Family urges Shorewood to tighten vicious dog ordinances
A Shorewood family urged officials to take a closer look at the Village’s ordinances regulating vicious dogs during a Nov. 28 regular meeting of the Shorewood Village Board of Trustees.
Residents Rick and Karen Strysik, joined by their grandchildren and other relatives, took time to provide an update on their dog, Sydney, who became the subject of a pit bull attack the evening of Nov. 20.
“My dog had severe injuries from the bite and being shaken,” Rick said.
Since that time, the Strysik family has been in contact with the Village and Shorewood Police.
“We went to the police station to file a report,” Karen said. “The dog would remain in our neighbor’s home until an investigation was completed.”
On Nov. 23, Sydney died.
“In order to prevent this horrific killing from happening to another pet or child, we are here tonight to ask the board to review the Village of Shorewood’s process and procedures,” Karen said. “We loved our dog Sydney.”

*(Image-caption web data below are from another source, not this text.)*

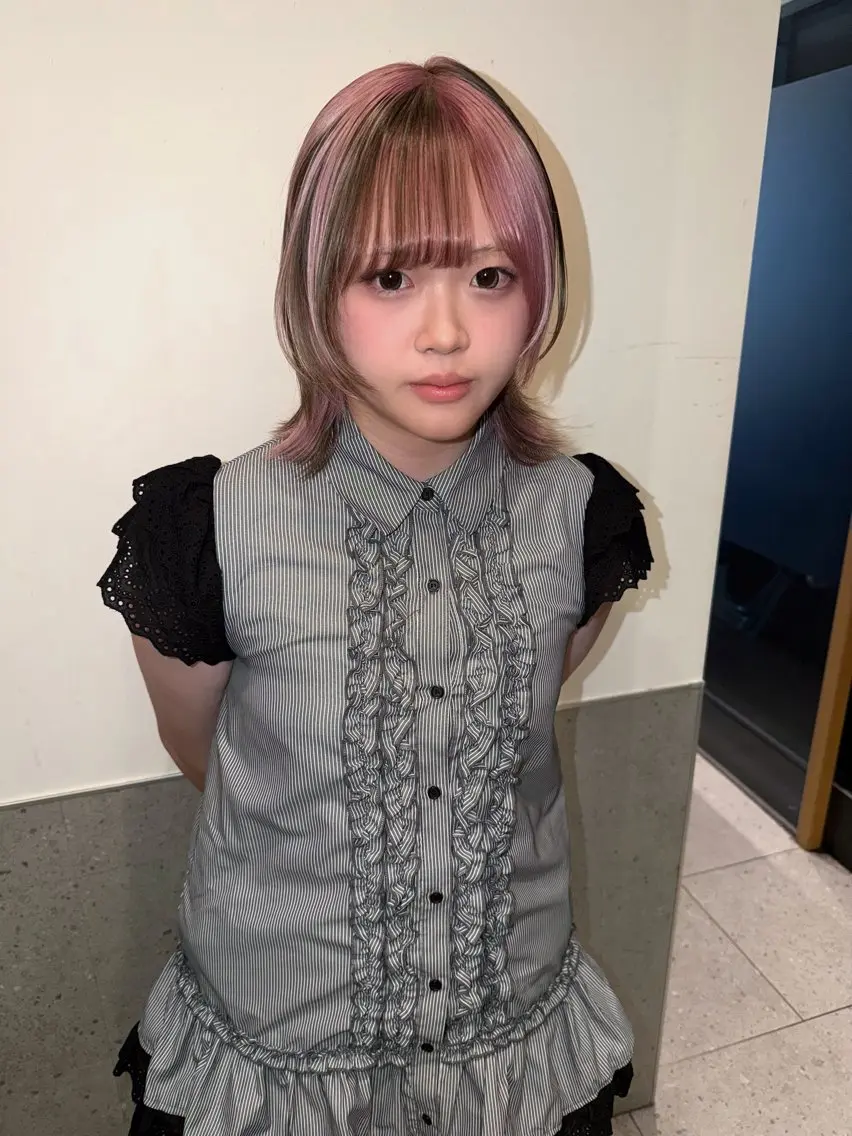 ミディアム ヘアカラー トリートメント REINA/デザイン /ハイトーン/原宿のヘアスタイル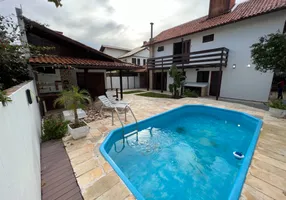 Foto 1 de Casa com 5 Quartos para venda ou aluguel, 300m² em Jurerê Internacional, Florianópolis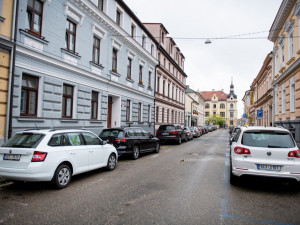 Ulici Chelčického najdeme v blízkosti autobusového a vlakového nádraží.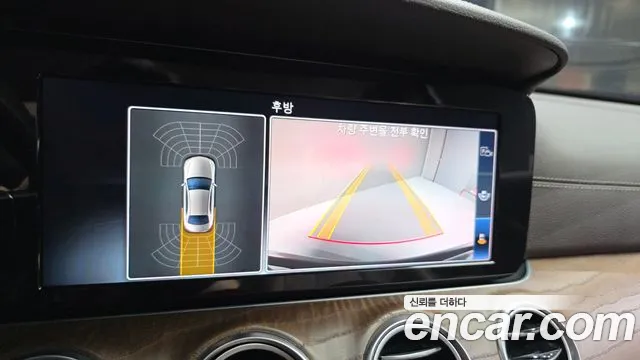Mercedes-Benz E-Class 2019 thumb 10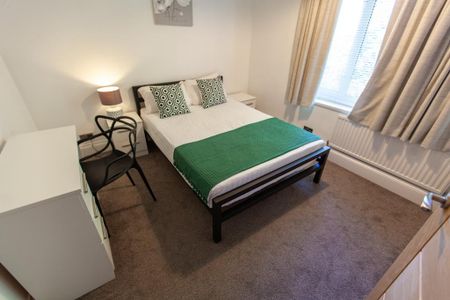 3 bedroom flat to rent - Photo 5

Karen and Rick’s grandchildren held up board, which was affixed with some pictures of Sydney, in front of those in attendance for the Village Board meeting.
“To my knowledge and that comes straight from the Chief of Police, the dog is now out of Shorewood,” Mayor Rick Chapman said. “It’s not a danger to anybody in the Village. The dog will be tracked where it went, and a report will be sent to that community to tell them Shorewood has labeled it a vicious dog.”
Current ordinances give the Village some authority to address the matter.
Chapman stressed that if at any point the Strysik family spots that dog in or around their neighbor’s home, they are encouraged to contact Shorewood Police. The department would impound the dog and have it euthanized.
To further address the issue, Village is looking to form a group made up by two trustees and a member of legal staff to review and adjust the ordinances regulating vicious dogs.
“I’m going to ask Mr. Anderson to head this group of, and as quickly as we can try to put together an ordinance to come before the board,” Chapman said.
Hike in water, sewer rates approved
Also at the meeting, the Board of Trustees amended a policy outlining the Village’s water and sewer rates.
The water fee, as presented, will increase from $3.47 to $3.88 per 1,000 gallons, whereas the charges assessed for sewer use will jump from $11.98 to $12.55 per 1,000 gallons.
“These rates come from the water and sewer rates study that we conducted with Ehler’s Financial,” Finance Director Anne Burkholder said. “Those results were presented at our Committee of Whole meeting in September.”
Shorewood officials last reviewed water and sewer rate increases at their Nov. 14 meeting.
Chapman directed Village staff to find a way to lessen the resulting impact on seniors just as the Village of Minooka had.
Chapman stressed that Village Board approval has to occur and said the good news is access to Lake Michigan water is on the horizon.
In a 6-0 vote, Shorewood officials amended the Village’s policy outlining its water and sewer rates.